When Mao's Cultural Revolution took hold in China in June 1966, Ange Zhang was thirteen years old. Ange's father was a famous writer whose "Yellow River Cantata" was considered by many to be the anthem of the Chinese Revolution. Shortly after the revolution began,many of Ange's classmates joined the Red Guard, Mao's youth movement, and they drove their teachers out of the classrooms. Ange and his friends now spent their days memorizing Mao's quotations and pasting posters in the streets. But in the weeks that follow Ange discovered that his father's fame as a writer now meant that he was a target of the new regime and that Ange himself was characterized as a "black kid," unable to join the Red Guard. Ange's whole world had fallen apart.When his father was arrested, he began to question everything that was happening in his country. He secretly read every book in his father's library, and through his reading discovered the beginnings of another view of the world.
Finally, Ange was forced to join many other young urban Chinese students in the countryside for re-education. While life in the village was challenging physically, Ange found emotional space to develop his own artistic talent.

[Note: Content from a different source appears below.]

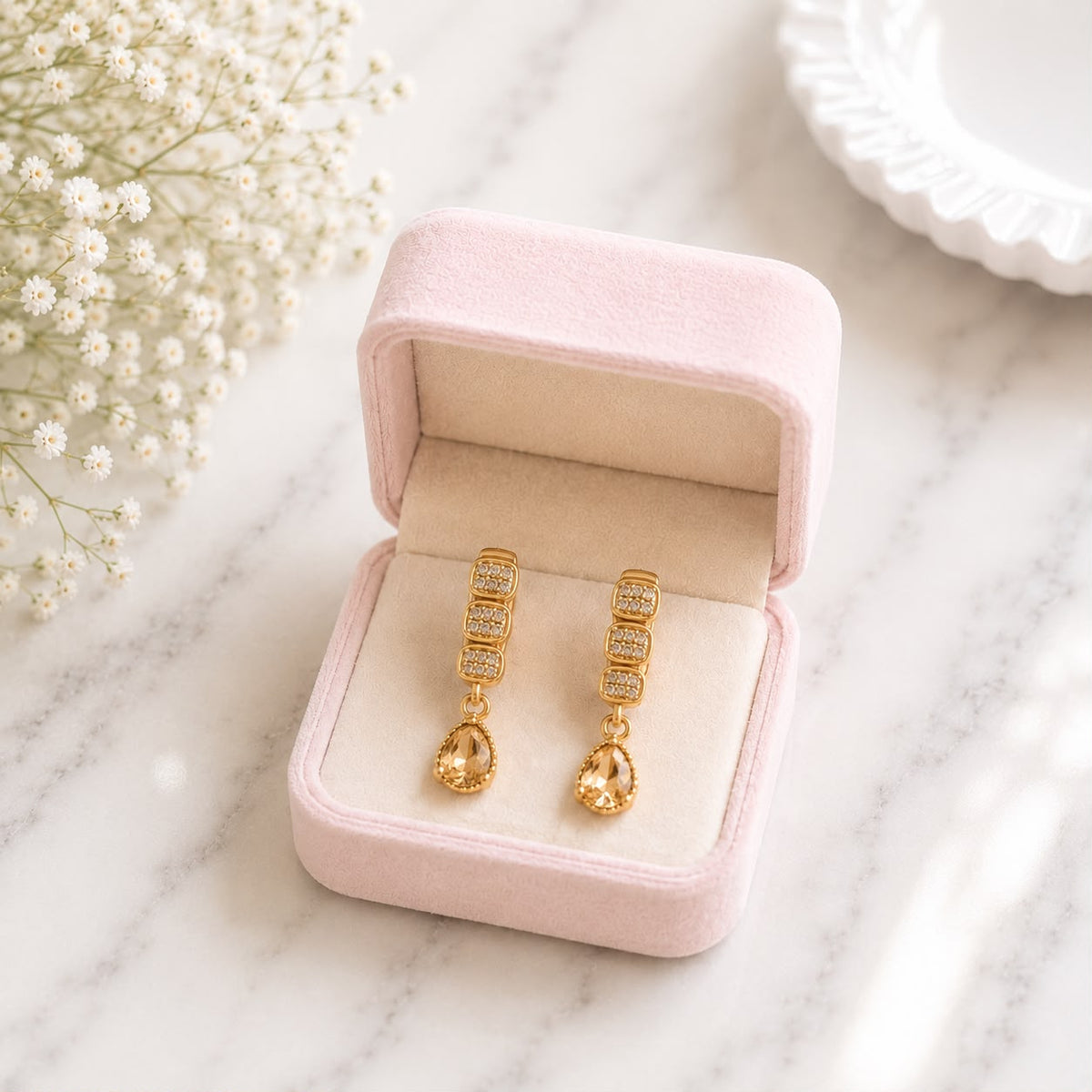 Zircon Hoop Earring-248 (Golden)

Gr. 5-8. In a straightforward, unemotional manner, this autobiography tells of a teenager's coming-of-age during China's Cultural Revolution. Thirteen years old in 1966, Ange takes pride in his father's standing as a writer and Red Army officer until the Red Guards suddenly denounce his father as a counter-revolutionary. Wanting desperately to belong, Ange joins a Red Guard group. But a violent encounter opens his mind to questions, and reading forbidden books by Western authors opens his thoughts. Sent to a farm in 1968, Ange works hard in the fields, continues to read, and rediscovers his love of art. The book ends with a brief epilogue on later events in his life and an excellent, seven-page section entitled "China's Cultural Revolution."On nearly every page, Zhang's distinctive artwork opens a window into his past. At times painterly, at times reminiscent of silk-screened posters, his computer-assisted illustrations are beautifully composed and often dramatic. The book also includes reproductions of period posters, artifacts, and black-and-white photos. Reminiscent of A Little Tiger in the Chinese Night: An Autobiography in Art (1993) by Song Nan Zhang, a fellow Chinese-Canadian artist, this handsome book provides a memorable introduction to the Cultural Revolution.